Lots of other stickers though.
My advice to you, since you have said he is a reputable vendor.
Send them back its really just that simple.
Reputable vendors not only guarantee delivery.
They also guarantee your complete satisfaction.
Good Luck. :vs_cool:


----------



## Bird-Dog (Oct 16, 2009)

TonyBrooklyn said:


> Here are a box of fakes i stumbled upon some time back.
> You will notice no date code.
> Lots of other stickers though.
> My advice to you, since you have said he is a reputable vendor.
> ...


Man those got around! Excellent example Tony. You can even still find them on some fake vendor sites today. But then, that's a dead giveaway that they're selling fakes. And "fakes" is the right word; they don't even rate being called "counterfeits".

Interestingly, if those were real they would be an example of an instance where there likely wouldn't be a date code on the wooden box because it would have been stamped on the cardboard outer box instead (I've seen it said that they sometimes stamp both, but I've never seen it myself). And that's where all the stickers and seals would be too, on the outer packaging not the wooden inner! There are also some regular production items where the wooden box is packaged in an outer cardboard box with the date stamp, stickers, and seals on it, and any real vendor will ship them that way.

And that's a good lead-in to telling folks how to know if the vendor site they stumbled across is selling fakes. Packaging matters, and counterfeiters are notorious for getting it wrong. Another tip-off is items that have long-since been discontinued. The first thing I look for are Partagas Coronas. Seems nearly every fake vendor lists them as though they're still in current production even though they were discontinued in 2006. Not that I was going to buy anything from some random site anyway, but I do kinda' enjoy shaking my head and laughing at how transparent they are letting you know their cigars are all fakes!


----------



## Bird-Dog (Oct 16, 2009)

poppajon75 said:


> Only time I've not seen box codes is on the individual tins when buying a 5x5 deal.
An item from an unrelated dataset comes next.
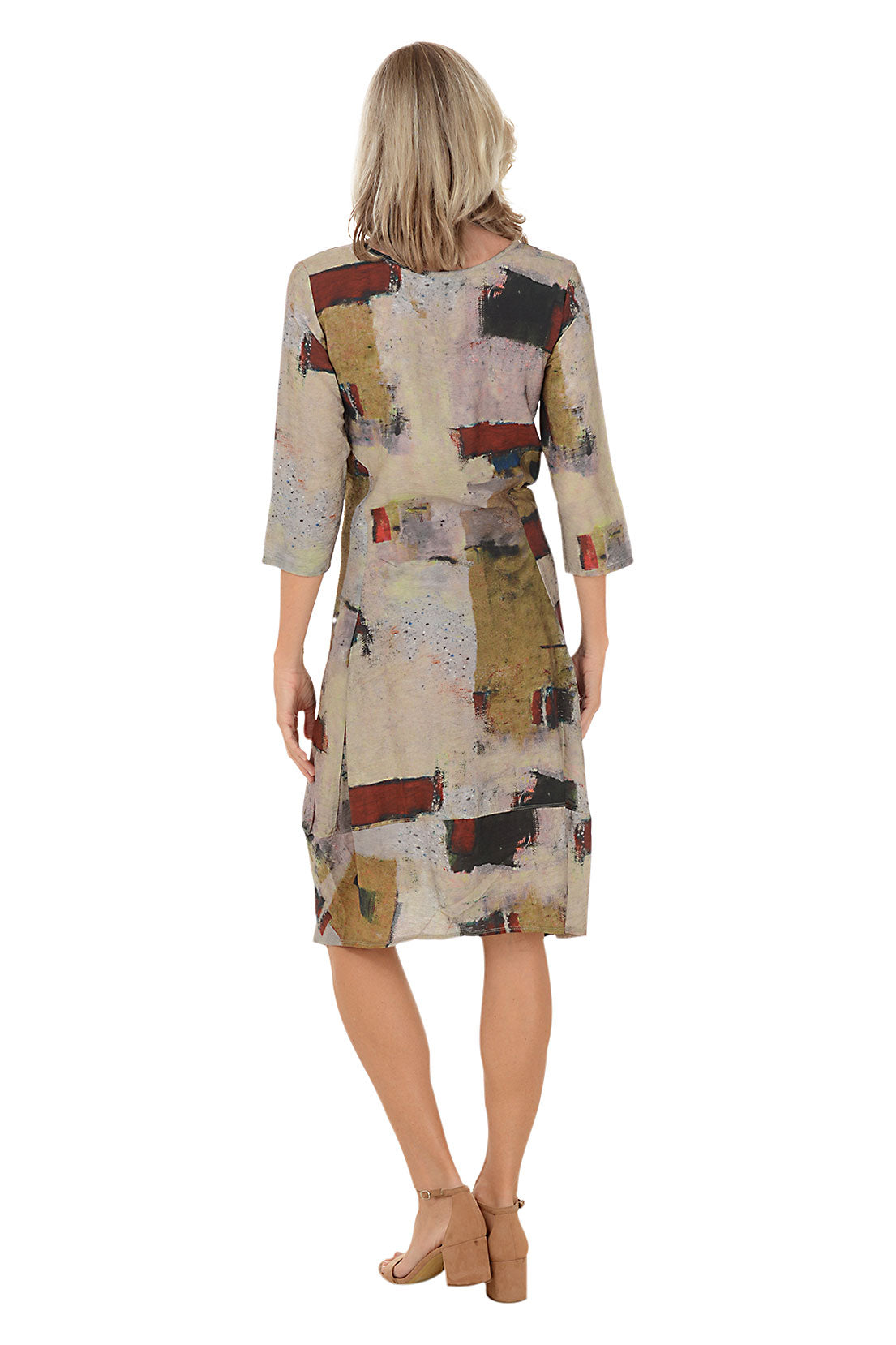 A woman wearing a 3/4 sleeve brown dress with a red and green multi colored pattern. Back shot.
I've got a couple tins of HUHC from '08 that aren't marked, though I imagine the original packaging containing the lot would have had the codes.


Yep, date code would be under the flap of the outer sleeve containing all five tins. Same goes for cardboard packs. One catch, though. HUHC's weren't launched until 2011, and the 5x5 tins didn't come out until 2012.
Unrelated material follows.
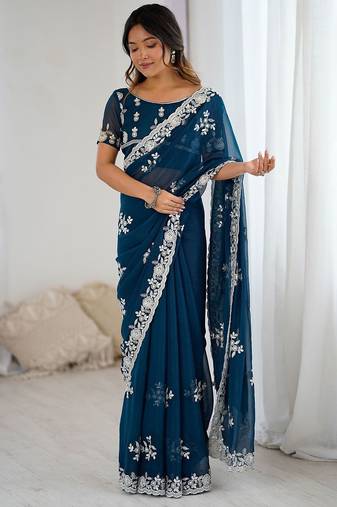 Teal embellished party wear saree with matching blouse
Another example of unusual date placement is with Vegueros tins of 16. The date stamp is on the bottom of the bundle inside the tin. This also applies to JLP's and Quinteros that come as a bundle inside a chipboard box.


----------



## Rondo (Sep 9, 2015)

A first for me.


----------



## TonyBrooklyn (Jan 28, 2010)

curmudgeonista said:


> Yep, date code would be under the flap of the outer sleeve containing all five tins. Same goes for cardboard packs. One catch, though. HUHC's weren't launched until 2011, and the 5x5 tins didn't come out until 2012.
> 
> Another example of unusual date placement is with Vegueros tins of 16. The date stamp is on the bottom of the bundle inside the tin. This also applies to JLP's and Quinteros that come as a bundle inside a chipboard box.


Absolutely right.
Very few people would notice that.


----------



## TonyBrooklyn (Jan 28, 2010)

curmudgeonista said:


> Man those got around! Excellent example Tony. You can even still find them on some fake vendor sites today. But then, that's a dead giveaway that they're selling fakes. And "fakes" is the right word; they don't even rate being called "counterfeits".
> 
> Interestingly, if those were real they would be an example of an instance where there likely wouldn't be a date code on the wooden box because it would have been stamped on the cardboard outer box instead (I've seen it said that they sometimes stamp both, but I've never seen it myself). And that's where all the stickers and seals would be too, on the outer packaging not the wooden inner! There are also some regular production items where the wooden box is packaged in an outer cardboard box with the date stamp, stickers, and seals on it, and any real vendor will ship them that way.
> 
> And that's a good lead-in to telling folks how to know if the vendor site they stumbled across is selling fakes. Packaging matters, and counterfeiters are notorious for getting it wrong. Another tip-off is items that have long-since been discontinued. The first thing I look for are Partagas Coronas. Seems nearly every fake vendor lists them as though they're still in current production even though they were discontinued in 2006. Not that I was going to buy anything from some random site anyway, but I do kinda' enjoy shaking my head and laughing at how transparent they are letting you know their cigars are all fakes!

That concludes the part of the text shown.